Term to term product :

If A and B are two matrices of the same dimensions, dotmult(A, B) returns the matrix terms of which are the products of the matching terms of matrix A and B.

Division term by term :

If A and B are two matrices of the same dimensions and if all the terms of B are not null, A/B returns the matrix terms of which are the result of the division of A terms by the matching terms of matrix B.

Image through a predefined function :

For instance, if A is a matrix, cos(A) returns the matrix terms of which are the image of A terms through function cosinus.

Image through a user defined function :

If A is a matrix and f a user-defined real function, f(A) returns the matrix terms of which are the image of A terms through function f.

Addition of a constant :

If A is a matrix and k a real number, k + A ou A + k returns the matrix terms of which are the terms of A added with k.

Subtraction of a constant :

If A is a matrix and k a real number, A - k returns the matrix terms of which are the result of the substraction of A terms and k.

If k is a real number and A a matrix, k - A returns the matrix terms of which are the result of the substraction of k and A terms.

Multiplication by a constant :

If A is a matrix and k a number, k*A ou A*k returns the matrix terms of which are the result of the multiplication of A terms and k.

Division by a constant :

If A is a matrix and k a real number different from zero, A/k returns the matrix terms of which are the result of the division of A terms by k.

if k is a real number and A a matrix, k/A returns the matrix terms of which are the result of the division of k by A terms. The result doesn’t exist of one of A terms is zero.

Approximation by a rational fraction :

If a is a real number, frac(a) returns a matrix with one row and two columns. The first term of the returned matrix is the numerator of the approximated rational fraction of this number (with 10^(-12) uncertainty) and the second term is the denominator of the fraction.

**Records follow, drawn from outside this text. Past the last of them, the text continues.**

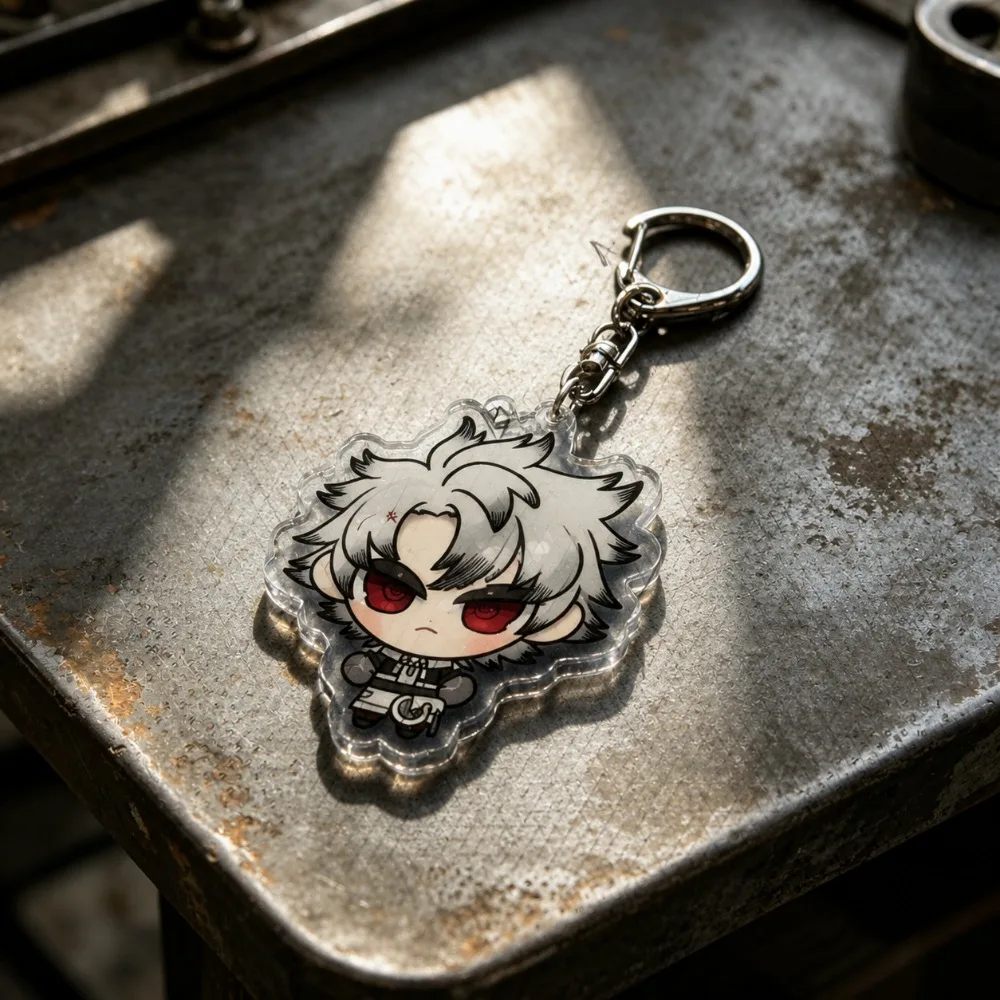 Gachiakuta Keychain Accessories Bag August Tamsy Mymo Gris Momoa Zanka Follo Fu Eishia Jabber Keyrings Jewelry Manga Fans Gifts - view 5
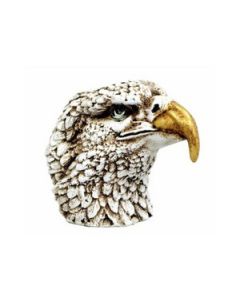 HAPEE Eagle Pen Stand Fibre Resin 1 Pc White, Golden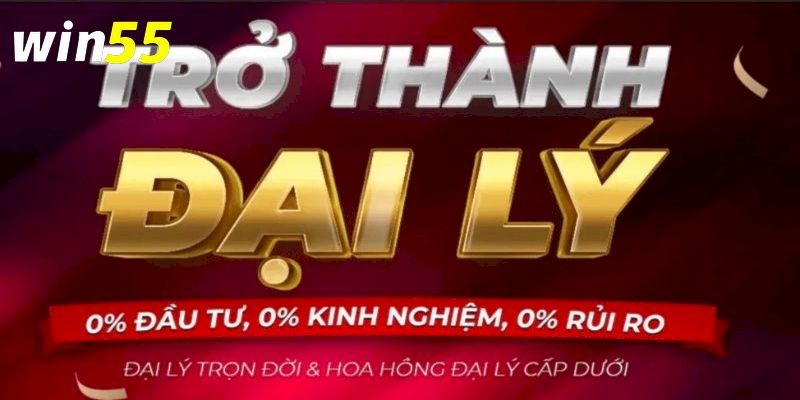 Đãi ngộ tuyệt vời dành cho đại lý nhà cái Win55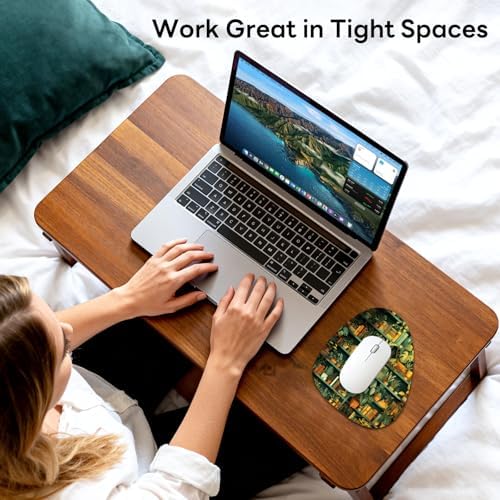 Water Drop Mouse Pad 7.3x8in Non-Slip for Laptop, Cute Cat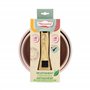 MENASTYL - Lot2 casseroles colorama 16 et 18cm en aluminium rose avec poignée - 6020634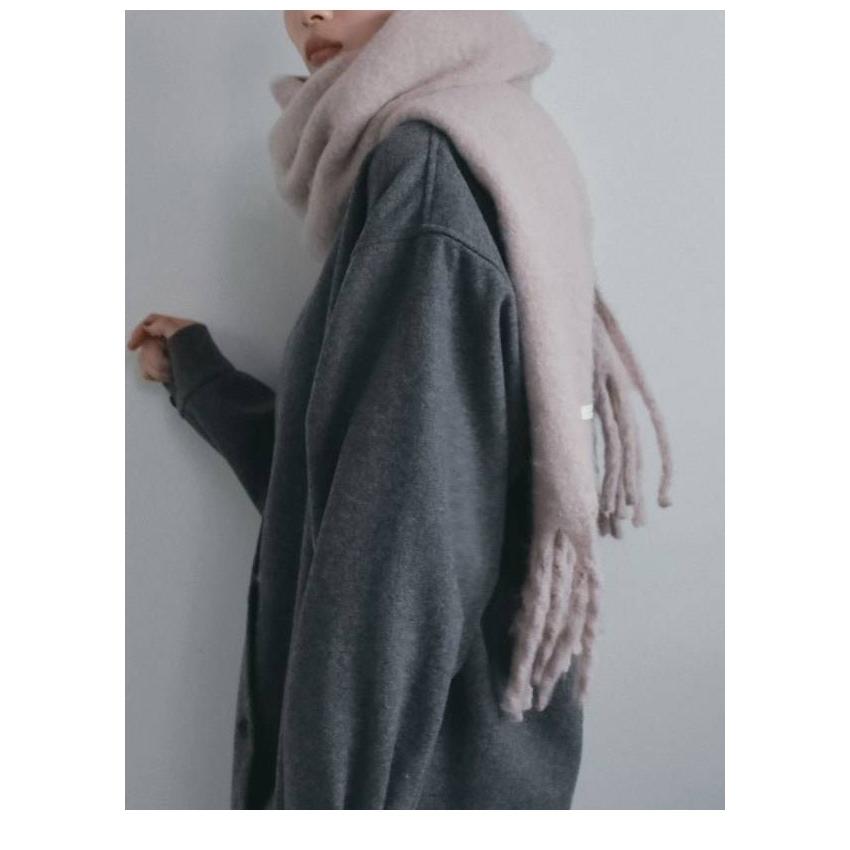 anuke（アンヌーク） anuke 2026winterトップス Soft Fringe Stole11月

If a is a one column matrix, frac(a) returns a matrix with two columns, the first column containing the numerators and the second column the denominators of the approximated rational fractions of each term of matrix a.

If a is a one row matrix, frac(a) returns a matrix with two rows, the first row containing the numerators and the second row the denominators of the approximated rational fractions of each term of matrix a.

To be noticed :

If the result of a matrix calculation A is a matrix of one row and one column, a reference of A in a matrix calculation will be considered as a real number.

To get the result of the determinant in a real calculation, use the tool provided in the calculation menu (expanding the calculation toolbar). The derminant will be the result of a macro-construction.